If you’d like to walk through the basics of centering prayer and experience it some together I’ll lead us through that, or if you’d like to simply listen in on the process you’re also welcome to do that. 

Centering prayer starts with the decision to be still.  As one approaches the prayer, one comes as a listener, humble, open.  One doesn’t need to have any expectations for the prayer except that God will be present, whether felt or not.  You are here to receive.  As a way of signaling this you may wish to be in a body position that helps you be attentive.  Having your feet flat on the floor is one way of doing this.  Sitting up straight is another way.  Closing your eyes allows for the attention to go off of what is around you and be directed toward the prayer.   

The next act is to wait for a word.  You sit quietly, knowing that you’re in God’s presence, and let whatever sacred word comes to mind be the focus of the prayer.  This is the centering part of the prayer as you let all other words fall away and find this one as a centering point.  The word may be love, peace, grace, wisdom…or Jesus and Spirit.  You wait to see if any word appears as a center for you that may be especially applicable for you…..

This is where the prayer begins to get difficult as our first tendency is to want the word to come so we can be successful at the prayer.  But it’s OK to relax and not make a word come.  It’s OK to just listen.  It’s OK if a word comes immediately and it’s OK if no word comes……

If a word has appeared then let that word come to the center.  Let it be the voice of God speaking to you.  If no particular word has come up then you may wish to choose a word – hope, mercy, joy – or continue to wait.  Or you may wish to let your breath be the center of your prayer.  Be aware of your breathing and know that the Breath of God is breathing through you….

Let the word or the breath come and rest in the center.  As you let it come you can experience the word through your breathing.  Each in breath is a way of receiving this as a gift from God.  Each out breath is a way of giving this away as a gift.  You must receive before you can give away, and you must give away before you can receive.  You may wish to place your open palms on your knees as a sign of receiving whatever is being offered….

There are inevitably thoughts and mental wanderings that happen during the prayer.  There is no need to be judgmental about these thoughts as failing in the prayer.  As you come to notice the thoughts, simply acknowledge that they are there, and gently return to the center.  This is also hard work and takes practice.  If the thoughts are especially dominating and making it hard to focus, acknowledge that they are dominating.  Let the word start as a small seed and see if and how it grows.

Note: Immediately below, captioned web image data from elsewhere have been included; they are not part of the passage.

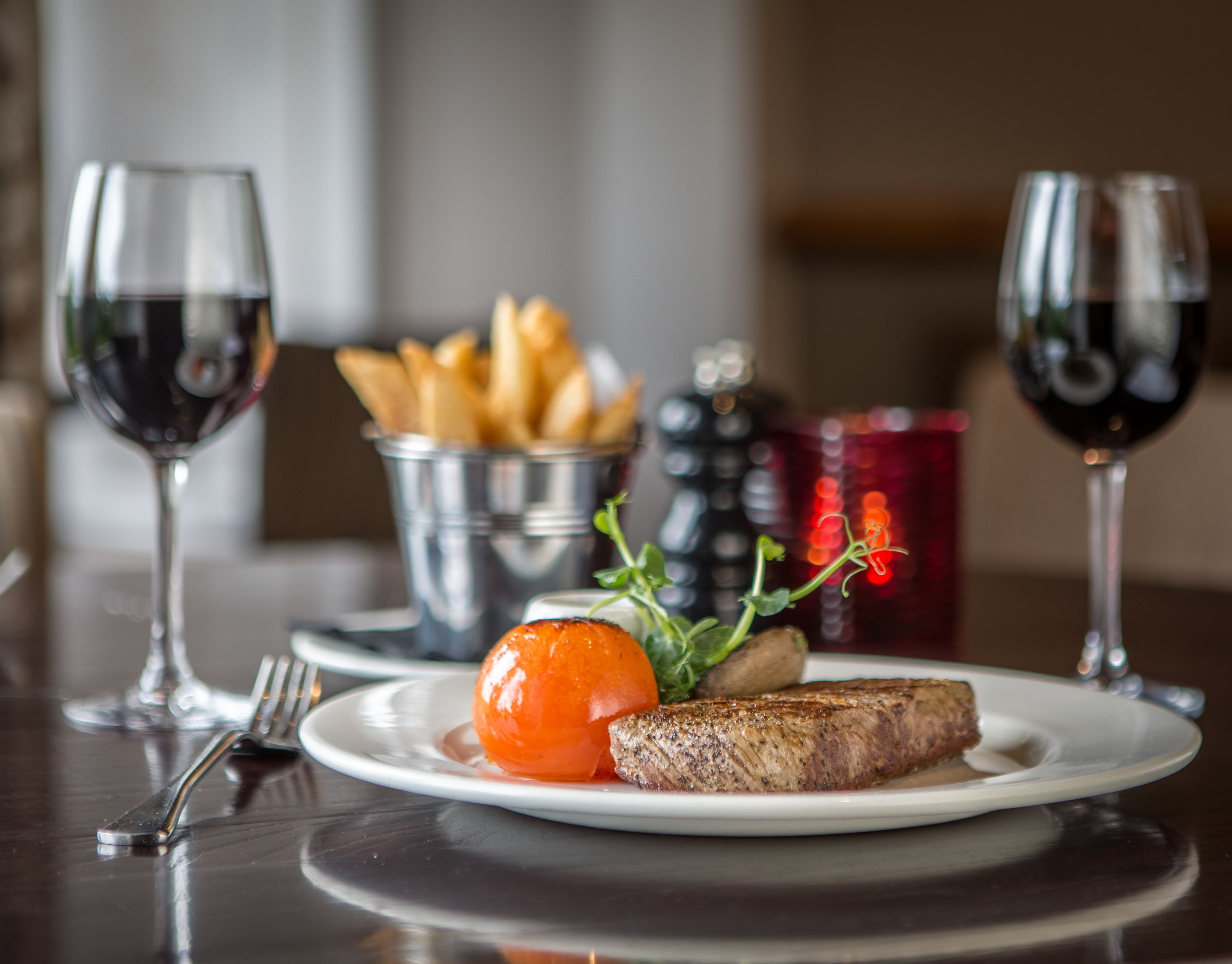 Une assiette contenant un steak, une tomate grillée et une petite salade est posée sur une table. On peut également voir deux verres de vin rouge et un panier en métal rempli de frites.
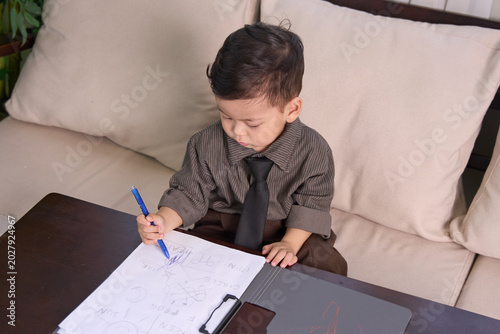 A 2-year-old toddler boy sitting at the table drawing with a pen on paper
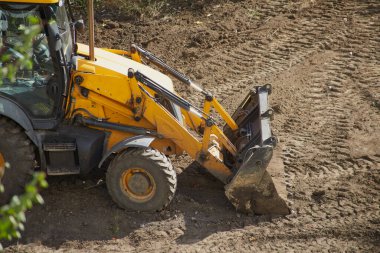 Kovalı sarı renkli buldozer inşaat sahasında, buldozer sahasında çalışır.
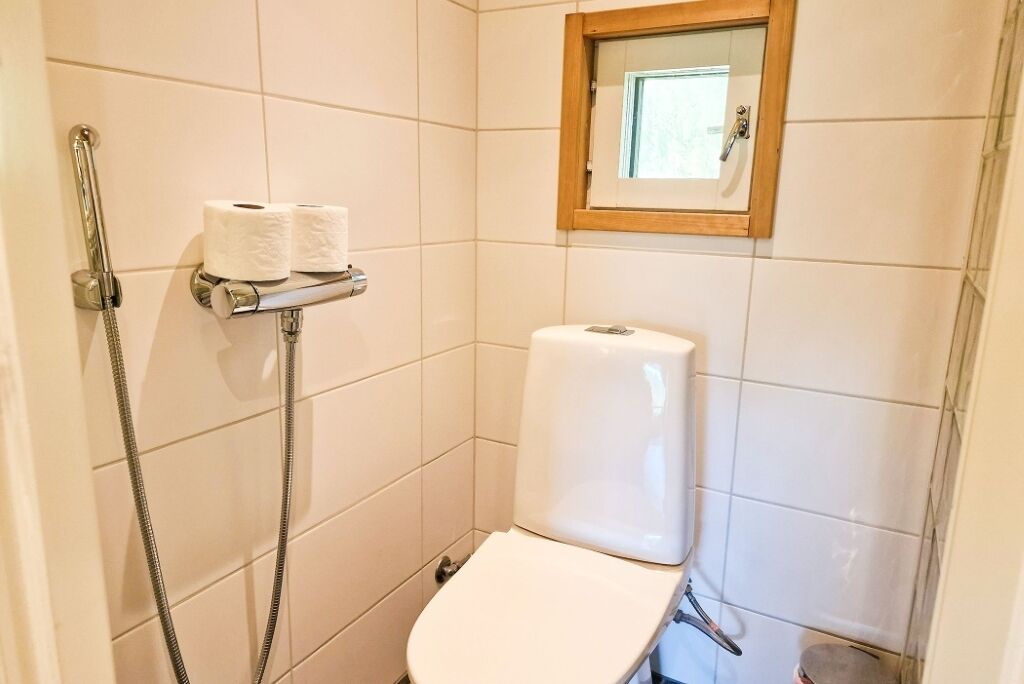 Een kleine betegelde badkamer met toilet, douche en raam.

There’s no other purpose except to learn what the teachers of this prayer refer to as God’s primary language.  The language of silence.  Being silent with God is enough.

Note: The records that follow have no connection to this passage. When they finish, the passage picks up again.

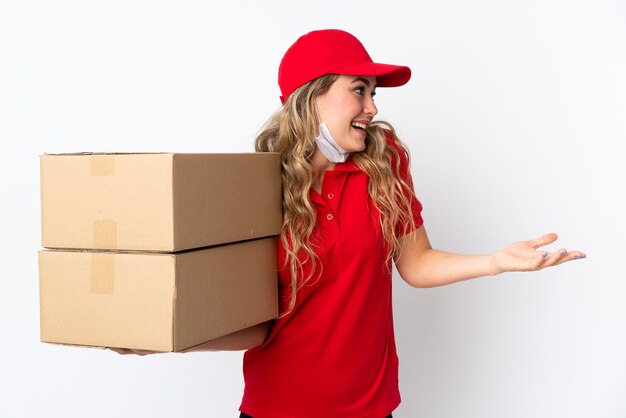 Food delivery Brazilian woman isolated on white with surprise expression while looking side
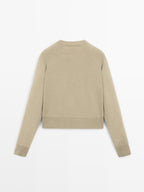 Knit cardigan with raglan sleeves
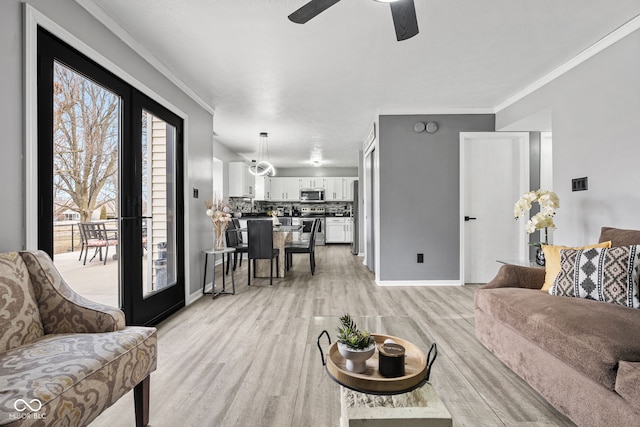 living room featuring light wood-style floors, baseboards, ornamental molding, and french doors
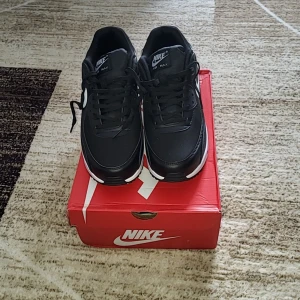 Svarta Nike Air Max - Snygga svarta Nike Air Max med vit sula och klassisk design. Skorna har snörning och den ikoniska Air Max-dämpningen för extra komfort. Perfekta för både stil och funktion.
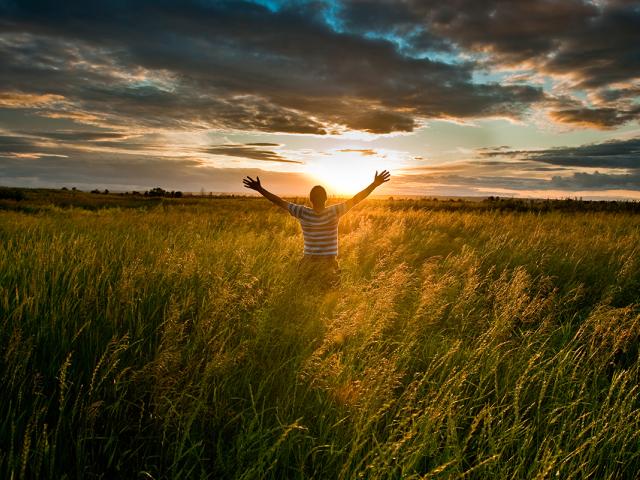 photo of man in field at dawn with arms stretching up and out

I’m going to allow for five minutes of collective silence as we pray as a community.  There will no doubt be different sounds that you notice during the silence.  You can let them be.  They’re not your responsibility during this time.  Allow the word or the breath be what draws you back to the center.     After the five minutes I’ll return to speaking briefly about prayer…..

(five minutes)

Father Thomas Keating was one of the three who began teaching centering prayer in the 70’s and he continues to practice and teach it today in his 80’s.  He sees the prayer as being rooted in the gospels and the prayer teachings of Jesus, especially Matthew 6:6.  Jesus says, “Whenever you pray, go into your room and shut the door and pray to your Father who is in secret.  And you Father who sees in secret will reward you.”  Father Keating has commented on that last phrase about being rewarded for the prayer.  Here’s what he says: “Actually, that word ‘reward’ isn’t very appropriate here.  Someone who’s praying – in secret, that is, having actually reached (a habit of contemplative prayer) – is not interested in reward.  I discovered in the Aramaic Bible that [the word translated as ‘reward’] really means ‘blossom’ or ‘flourish.’  This suggests that silence is the seedbed in which the Holy Spirit places the mustard seed of divine love.  It takes root, and grows, and you blossom.  What is blossoming?  The growth of faith, hope, and love – the virtues and especially the fruits of the Spirit listed in the Beattitudes and by Paul in Galatians 5.  Contemplative prayer is a process of activating the gifts that we received in baptism” (Sojourners Magazine interview, Dec. ’06, p. 35)    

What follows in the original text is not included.